Dear Bracha
I have enjoyed dipping into your writing. I like that fact that your Flickr photos show you hanging out with groovy people like Jean-Francois Lyotard, Judith Butler, Emmanuel Levinas and a bunch of other people I’ve mostly never heard of, but who are no doubt very interesting as you bother to take their photos. I found your take on sexual difference via matrixial borderspace interesting, and a useful complement to spatial metaphors such as Anzaldua’s borderlands and Deleuze’s rhizome. I like the fact that your lack of fame relative to, say, Butler or Irigaray, means that citing you gives my readers the impression I am far better read in these areas than I actually am.
But sometimes, Bracha, I haven’t got the foggiest idea what you’re talking about. Take your recent article, Fragilization and Resistance in Studies in the Maternal. You state, for example:
The human capacity for inspiration revealed in artworking begins with an archaic transconnectedness by psychic strings, that bounds each I, as presubject, to its particular non-I(s), and first of all to its pre-maternal transubject – its archaic m/Other. Desire, born out of the kind of transmission that the string allows, doesn’t seek for objects. It languishes for specific almost-lost links. In jointness, I and non-I differently feel-know in-and-by inspiration-transpiriting by which they are differently transformed. In each jointness that succeeds to tremble a borderlinking string, different I(s) and non-I(s) will start, restart and continue to feel-know with-in one another and with-in forms, images and encounter-events, by way of sharing with-in new and older psychic webs while also imprinting and engraving their traces in them in shareable threads. Traces are cross-inscribed and transinscribed between transubjects and between transubject and transject. (pp. 11-12)
That’s easy for you to say.
In Fragilization and Resistance you use the prefix “trans” 216 times, which is over double the usage in Weaving a Woman Artist With-in the Matrixial Encounter-Event, published five years previously; you refer in some way to “spirit” 78 times in the new paper, and only 5 times in the older (the pdf reader counted those, not me: that would be a bit odd, wouldn’t it?).
Here’s my theory, which I allude to in Numen, Old Men, which was revealed to me via Griselda Pollock’s vision of your matrixial borderspace:
of madness, of psychosis, with no signifiers to relieve phantasms and hallucinations that bleakly register both the trauma and the solace of what we now come to recognise as the matrixial dimension
To which I wrote:
Is this not another, darker weaving of a place we have heard of before? Of sacramental mystery? Ātman? Non-dual awareness? The “thresholds of I and non-I emerging in co-existence”?

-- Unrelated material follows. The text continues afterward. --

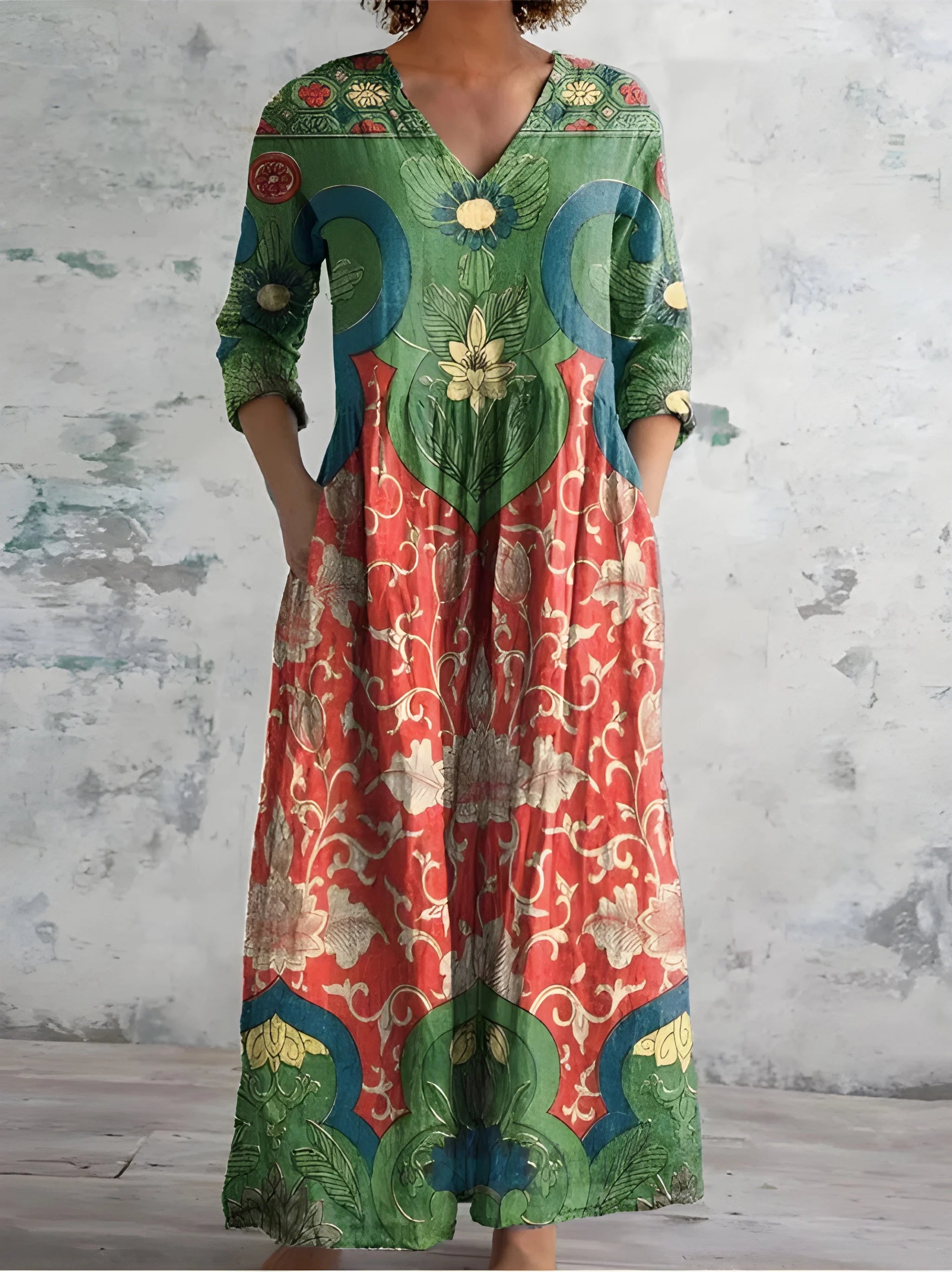 Women's Floral Vintage Maxi Summer Dress with V-Neck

Bracha, I believe through all this you want to speak freely about spirituality, but feel embarrassed by it; but it’s nothing to be ashamed of. Lots of people eventually get tired with a secular-Leftist and psychoanalytically-informed worldview and make this turn: just read Irigaray’s work of recent years.
But I think the spiritual (as opposed to the psychoanalytic) dimension of your matrixial borderspace is better served by your painting than theory: it is, after all, pre-verbal (via the Real or, more accurately, trans-verbal). I think you could make a great living among the intelligentsia of Paris and Tel Aviv painting matrixial auras around them: oceans of bruised purple, brown and black. I’d seek you out if you did this.
Just my two cents,
Joseph.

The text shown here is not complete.